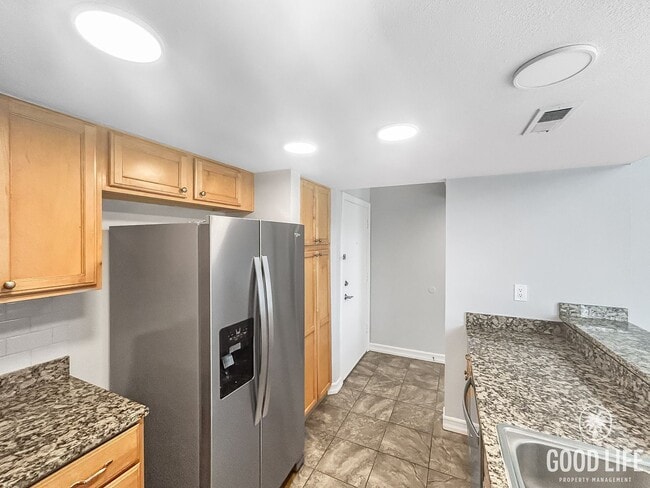 Building Photo - Beautiful 2BD/ 2BA W/ Reserved Parking in ...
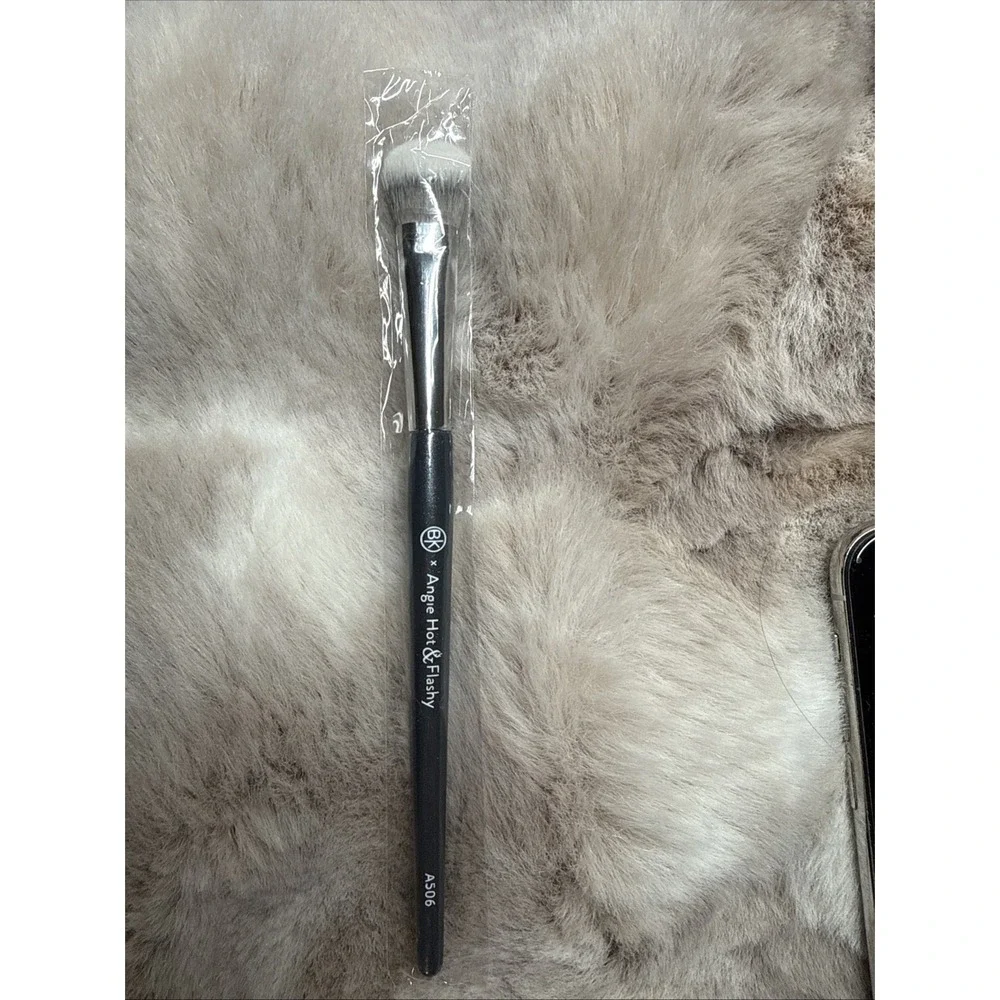 BK Beauty Brushes Angie HOT & FLASHY A506 Concealer Brush Kitten Paw NEW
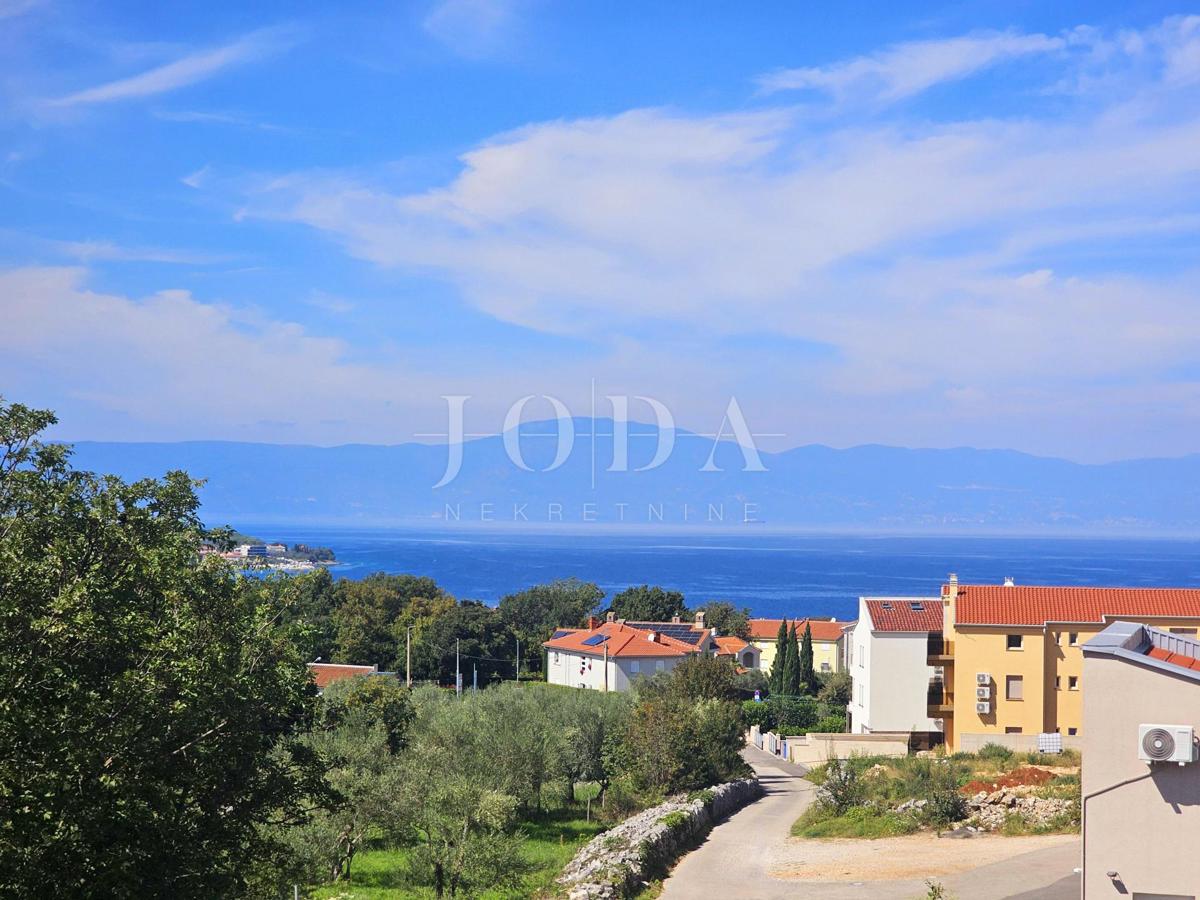 Malinska - nova hiša z bazenom in pogledom na morje!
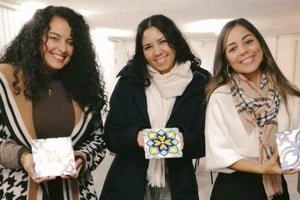 Porto: Laboratorio di pittura su piastrelle con vino Porto - Bainharia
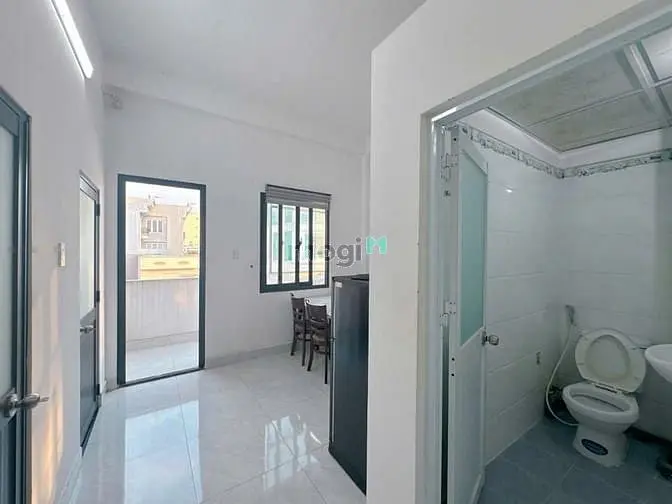 Chung Cư 319 Lý Thường Kiệt, Q11: 8,5Tr, 2P Ngủ, Nhà Mới, 70M2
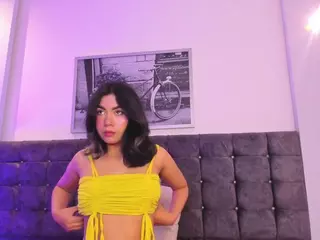 ESRRA-YILDIZ's Live Sex Cam Show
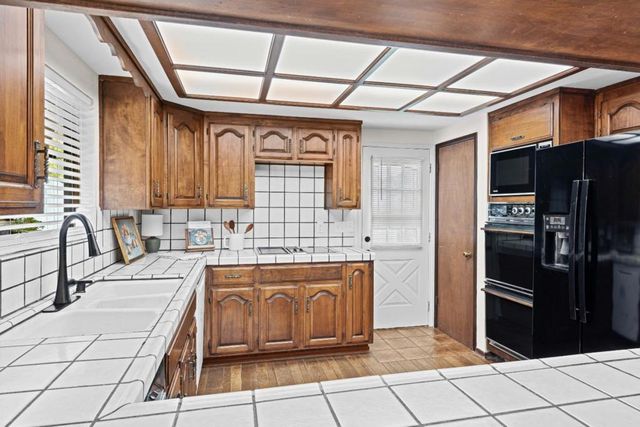 11900 Old Coach Road, Gilroy, CA 95020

__Description of the task__
Should any entry above carry a picture, omit it and repeat everything else word for word.

__Task response__
 Building Photo - Beautiful 2BD/ 2BA W/ Reserved Parking in ...
 BK Beauty Brushes Angie HOT & FLASHY A506 Concealer Brush Kitten Paw NEW
 Malinska - nova hiša z bazenom in pogledom na morje!
 Porto: Laboratorio di pittura su piastrelle con vino Porto - Bainharia
 Chung Cư 319 Lý Thường Kiệt, Q11: 8,5Tr, 2P Ngủ, Nhà Mới, 70M2
 ESRRA-YILDIZ's Live Sex Cam Show
 11900 Old Coach Road, Gilroy, CA 95020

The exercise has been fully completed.